26. Mr Karim submitted a rule 24 notice, inviting us to dismiss the appeal. The notice submitted that the authorities concerning SIAC and section 40(2) decisions do not read across to decisions under section 40(3). The judge was wrong to confine his assessment of the section 40(3) condition precedent issue to a public law review. He should have considered whether the condition precedent was met for himself. Had he done so, he would have concluded that the condition precedent was not met. The evidence clearly demonstrated that the appellants were not personally culpable, and had no personal involvement with, or knowledge of, the fraud committed by their father on their unknowing behalf. As for Article 8, the judge’s assessment was flawless, and the Secretary of State’s grounds of appeal were merely an attempt to relitigate the case. It was difficult to envisage a more disproportionate interference with an individual’s Article 8 rights arising from the reasonably foreseeable consequences of deprivation than for their citizenship to be revoked in circumstances when they had no personal culpability whatsoever.
The First-tier Tribunal’s analysis was Begum-compliant
27. We have concluded that the Secretary of State’s challenge to the judge’s decision represents a misreading of it, for the following reasons which we explain below.
a. The judge reached findings of fact which, in principle, covered all relevant matters he had to consider.
b. Having reached those findings, the judge applied the law to them.
c. The judge did not purport to perform the section 40(3) assessment for himself, or otherwise exercise the Secretary of State’s discretion for her. He manifestly rejected the appellants’ submissions that he should do for himself and found that the Secretary of State was entitled to be satisfied that the statutory condition precedent was met.
d. The judge’s operative reasons for allowing the appeal were based on his Article 8 findings; such findings were, on a proper reading of the authorities, matters for the judge to consider and assess for himself.
Statutory condition precedent
28. On an appeal to the First-tier Tribunal against a decision taken under section 40(3) of the 1981 Act, the intensity of the tribunal’s review differs significantly depending on which stage of the analysis it is performing:
a. If the tribunal is determining whether the Secretary of State of was entitled to be satisfied that the section 40(3) condition precedent was met, it is to perform what we shall term a public law review, consistent with the approach identified at paragraph 71 of Begum. See also paragraph (1) of the Headnote to Ciceri, quoted above.
b. By contrast, if a tribunal is deciding whether the rights of the individual concerned under Article 8 ECHR are engaged, it must decide for itself whether Article 8 is engaged. If it is, it must determine for itself whether depriving the individual concerned of British citizenship would constitute a violation of those rights.

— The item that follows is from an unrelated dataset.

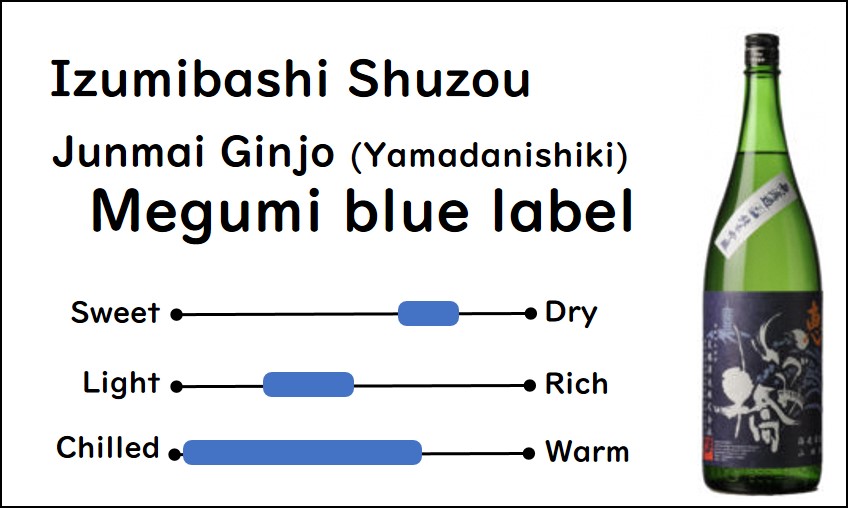 Recommended sake from Izumibashi Shuzou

29. Properly understood, the judge’s analysis was entirely consistent with (a) the limited public law review of decisions taken under section 40(3) of the 1981 Act, and (b) the broader, merits-based analysis of ECHR issues required by Begum and the authorities subsequent to it.
30. Even in relation to point (a), the authorities, including U3, suggest that reviewing evidence that was not before the Secretary of State at the time she took the impugned decision may be relevant, albeit for limited purposes: see the discussion at paragraphs 36 to 40 of U3. Evidence post-dating the decision may identify the significance of a matter which the Secretary of State did not consider, but ought to have considered (paragraph 37). Once an appeal against a section 40(2) decision is lodged with SIAC, the Secretary of State will undertake an exculpatory review of the decision, on the basis of the evidence supporting the appeal (a similar process took place in these proceedings: see, for example, paragraphs 2, 14 and 15, of the Respondent’s Review before the First-tier Tribunal). At paragraph 40 of U3, the Commission held, “SIAC is, accordingly, not debarred from considering evidence that was not before the decision-maker at the time of a decision.” There is plainly a role for a judge in assessing the evidence in relation to whether the statutory condition precedent was met, even while fully respecting the confines of the limited public law review to which such assessments are restricted.

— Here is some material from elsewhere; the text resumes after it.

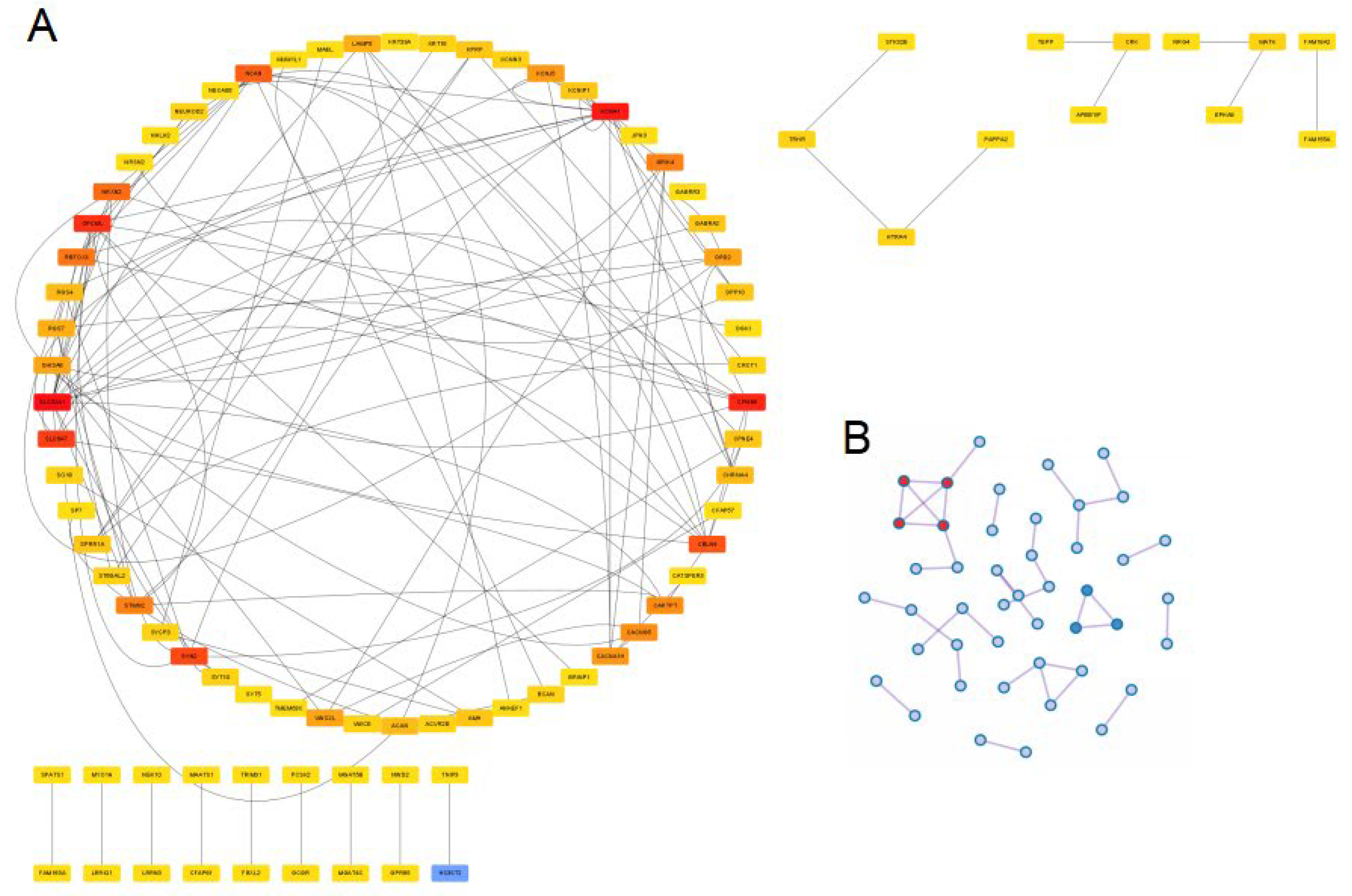 Jcm 12 01777 g004a Jcm 12 01777 g004a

31. In relation to point (b), it is for the tribunal to assess such matters for itself. At paragraph 71 of Begum, Lord Reed held that in order to determine whether the decision was compatible with the ECHR:
“SIAC may well have to consider relevant evidence… In reviewing compliance with the Human Rights Act, [SIAC] has to make its own independent assessment.” (emphasis added)
32. The justiciability of human rights considerations in statutory appeals to the First-tier Tribunal against section 40(3) decisions to the First-tier Tribunal is that as summarised at paragraphs (2) and following of the Headnote in Ciceri:
“…the Tribunal must decide for itself whether depriving the appellant of British citizenship would constitute a violation of those rights…”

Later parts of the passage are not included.